なかなか刺激的なタイトルで思わず手にしたが、アメリカから見た田中角栄・ロッキード事件という視点でまとめられた一冊。佐藤政権末期のキッシンジャー来日時の会談内容など興味深い。
1972年6月、キッシンジャーは佐藤栄作との面談で次期政権の行方を見極めようとしていた。そして、次の様な佐藤発言に出くわすことになる。
佐藤 : 「新聞は新しい風が求められていると書いている。・・・総理候補は福田と田中だが、東大を出ている福田の方が本流です。・・・田中は政治力もあるし、非常に男気もある。しかし、彼は学歴がない。・・・・元気であることを除けば拠って立つ基盤もない。」
キ : 「あなたは福田がなるのがベストだと?」
佐藤 : 「その通りです。」
この時、田中は派閥の領袖ではなく佐藤派の一員である。にもかかわらずこの佐藤の発言からは、東大と大蔵省を経て政界入りしたエリート福田に対し、小学校卒の学歴しかない成り上がり田中への侮蔑すら伝わってくる。
一方、来日時キッシンジャーは田中とも会っている。田中は持論を展開しながらも競争相手の福田を評して「福田はA級戦犯だった岸信介が政界復帰したときの同志」といった言い方をしたという。こうした会話はホワイトハウス議事録として本書に引用されている。佐藤の話もあけすけなら、田中も姑息な言い回しで福田をこき下ろす。
政治家の考えも一皮剥くとこんなものなのかと感心するやら呆れるやら。この5日後に、佐藤は退陣を表明し、三角大福による総裁戦は金が乱れ飛ぶ中、田中の勝利で幕を閉じる。
佐藤の田中に対する評価は多くの日本におけるエスタブリッシュメント、とりわけ官僚あがりの政治家や官僚達が実感していた素直な印象なのではなかったか。こうした田中に対する侮蔑感覚は後のロッキード事件解明と摘発を通して無視できない影だった様に思われる。
ロッキード事件に関しては過去から各種陰謀説が少なからず語られてきた。いわく、田中の資源外交が米国の怒りを買ったためとか、頭越しの中国外交がアメリカの反感を買ったため等。
田原総一朗が中央公論に掲載した論文「アメリカの虎の尾を踏んだ田中角栄」は「田中の推し進めた日本自前の資源外交、例えば石油であったりウランに関する日本の動き方、フランスとの話し合いや、ソ連とのシベリア開発の動きはアメリカのエネルギー戦略から見て非常に危険視された」という見方である。
また、台湾との関係を超えて実施された中国国交回復という田中の外交手法を見て、韓国は危機感をつのらせ田中政権を倒さなければならないと考えた、との見方もある。立花隆の「田中角栄研究 金脈と人脈」(1974年文芸春秋)はKCIAが種本を作成したとの話がまことしやかに伝えられた。

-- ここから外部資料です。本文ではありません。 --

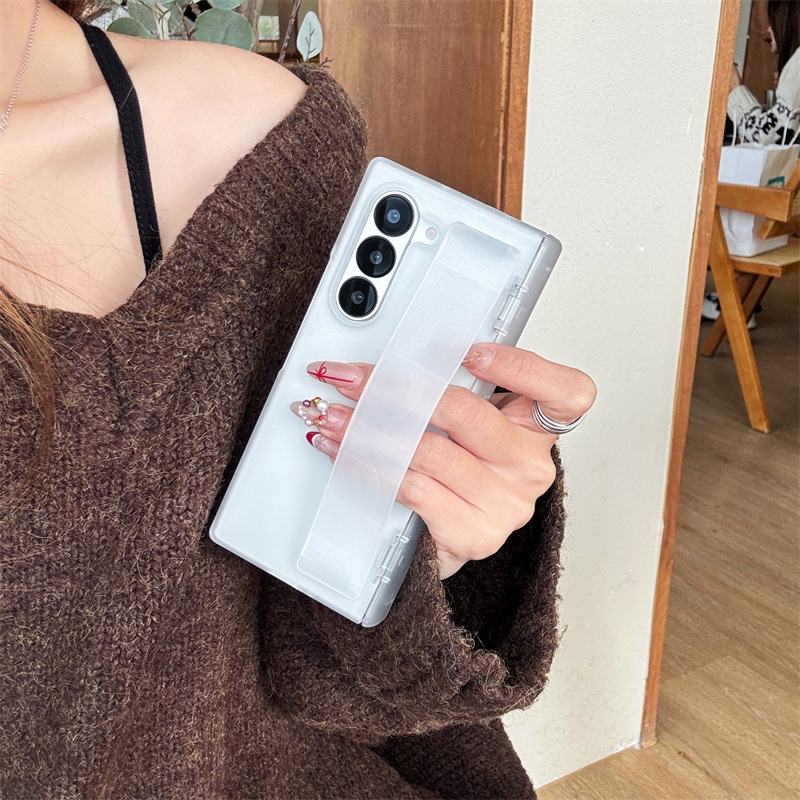 Compatible with Samsung Z Fold8U phone case, 7/6/5 wrist strap, central hinge, full coverage, foldable screen, drop-proof protective case.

本書は、日本国外に記録されている資料や面談記録を傍証として各種流布された陰謀説には組みしないという立場で書かれている。そうした著者の思いとは別に、世界各国が田中角栄をどう見ていたのかに興味をそそられる。
日本では「コンピーター付ブルトーザー」とか「庶民宰相」などと田中政権スタート時にはメディアも国民も浮かれている間に、各国は交渉相手国であるリーダーの経歴・信条・性格・生活・趣味までもきっちりと把握する。
その一端は、1972年8月のハワイでの日米首脳会談(ニクソン・田中会談)に先立ち、駐日米国大使館が国務省宛に送ったバックグラウンドペーパーを紹介した部分を読むと垣間見ることが出来る。アメリカ側から見た田中角栄像が正しいかどうかよりも、こうした記録と判断に基づいて首脳会談戦略・戦術を練るというキッチリとした当たり前の仕事がなされていることが良くわかるというものだ。